Article

Should Cognitive Function Decline Prompt Changing Multiple Sclerosis Treatments?

Experts argue whether a decline in cognitive function should lead to a change in disease-modifying therapy for multiple sclerosis.

The question of whether a disease-modifying therapy (DMT) for multiple sclerosis (MS) should be changed if the patient experiences decline in cognitive function was recently opened for published debate, with arguments hinging on whether the measurement of cognitive decline reliably marks disease deterioration.

The prospect of halting a particular DMT to begin another could be even more problematic now than when this debate was joined, with the November 20 FDA warning of severe worsening of MS symptoms after stopping fingolimod (Gilenya).

In a series of essays recently published in the Multiple Sclerosis Journal, Bianca Weinstock-Guttman, MD, Jacobs Comprehensive Center for Treatment and Research, Jacobs School of Medicine and Biomedical Sciences, University of Buffalo, and colleagues argued in favor of the proposition that a decline in cognitive function should lead to a change in DMT.

They team noted that the 2018 recommendations from the American Academy of Neurology (AAN) include considering switching therapies when response is deemed suboptimal based on published clinical trials. Weinstock-Guttman and colleagues suggested that, since neuropsychological impairment reflects cerebral disease in MS, it follows that it merits clinical attention when considering drugs to mitigate MS disease activity.

"If we accept that cognitive deficits in MS patients, or cognitive decline from baseline reflect cerebral disease, then it would seem self-evident that this sign/symptom merits clinical attention as would any other indication of disease activity," they asserted.

While agreeing that cognitive decline would seem a useful measure of treatment response, Emilio Portaccio, MD, IRCCS Don Gnocchi Foundation, Florence Italy, countered that uncertainty about the method for measuring decline are among the factors that "limit the implementation of cognitive evaluation in the therapeutic-making process."

In his argument, Portaccio pointed out that several neuropsychological evaluation batteries have been proposed, such as the Brief International Cognitive Assessment for MS, but that the need for brevity to be widely implemented precludes comprehensive measurement. He noted potential confounders such as fatigue and depression are necessarily omitted, and so can lead to an inaccurate assessment.

Weinstock-Guttman and colleagues also considered various instruments for providing brief assessment of cognitive function, but concluded that the Symbol Digit Modalities Test (SDMT) of information processing speed measures the cognitive function most central to changes in MS. They found evidence to support that a change in SDMT score of 4 points, or 10%, is clinically meaningful.

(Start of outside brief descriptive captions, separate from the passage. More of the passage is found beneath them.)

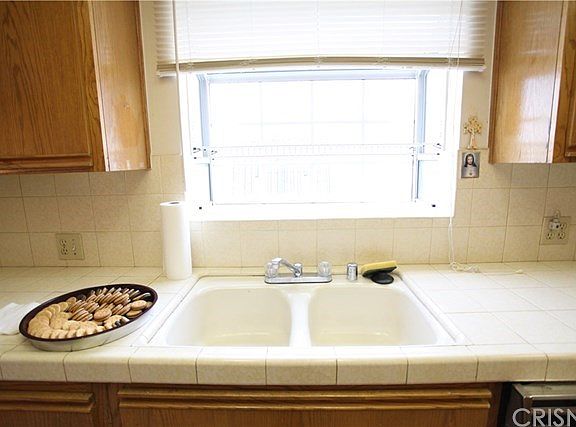 5th image of 5791 Hillview Park Ave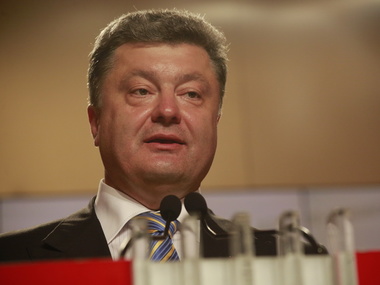 Порошенко в случае победы на выборах не планирует отправлять Яценюка в отставку
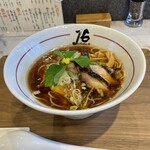 鶏そば 16 - 鶏そば 醤油(900円、斜め上から)
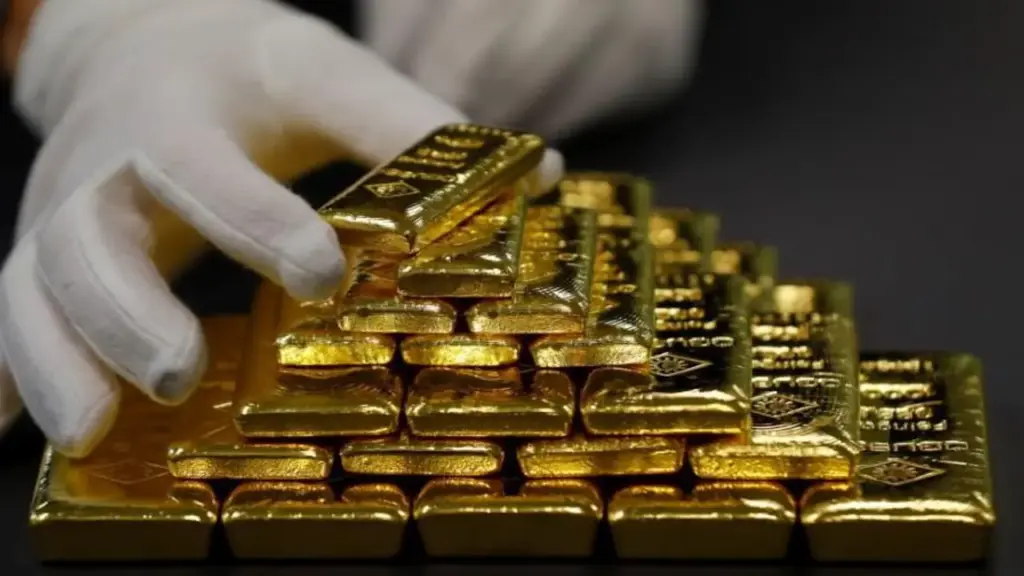 Giá vàng thế giới vượt 4.100 USD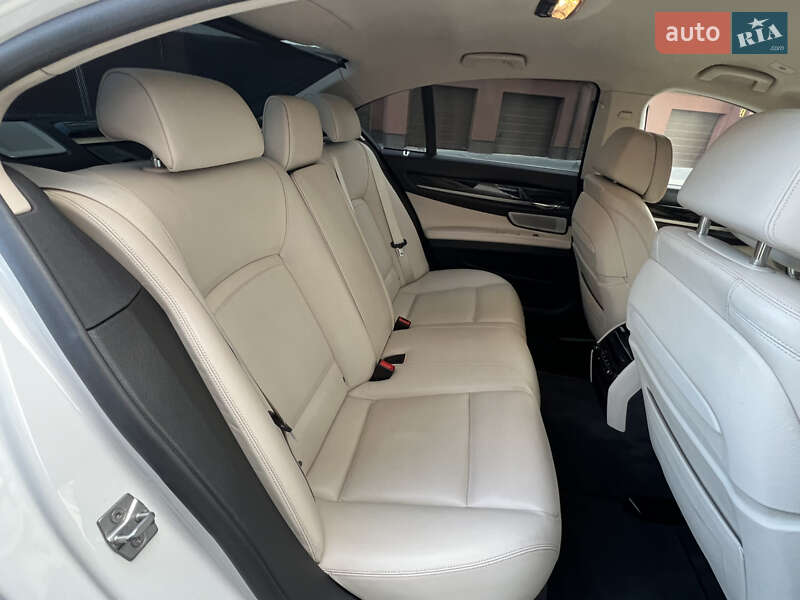 Седан BMW 7 Series 2012 в Ивано-Франковске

Portaccio was not convinced, posing when an isolated 4-point decline on the SDMT “with neither subjective complaints nor other clinical or MRI evidence of disease activity, enough to decide the switch from a first-line to a potentially harmful second-line treatment?"

Maria Amato, MD, Department NEDUROFARBA, of the University of Florence, provided an invited judgment on the debate—siding with Portaccio’s argument that there is no current consensus on optimal cognitive decline measure.

That said, she pointed out the SDMT has been extensively validated as a test of information processing speed, and suggested it might represent an exception to the limitations he cites.

"As more clinical trial data with SDMT are going to be presented, in the near future we will be enabled to consider whether SDMT decline is indicating suboptimal treatment response and should therefore lead to a change in disease-modifying therapy," Amato wrote.

The arguments—“A decline in cognitive function should lead to a change in disease-modifying therapy — Yes,” and “A decline in cognitive function should lead to a change in disease-modifying therapy – No,”— were published online in the Multiple Sclerosis Journal.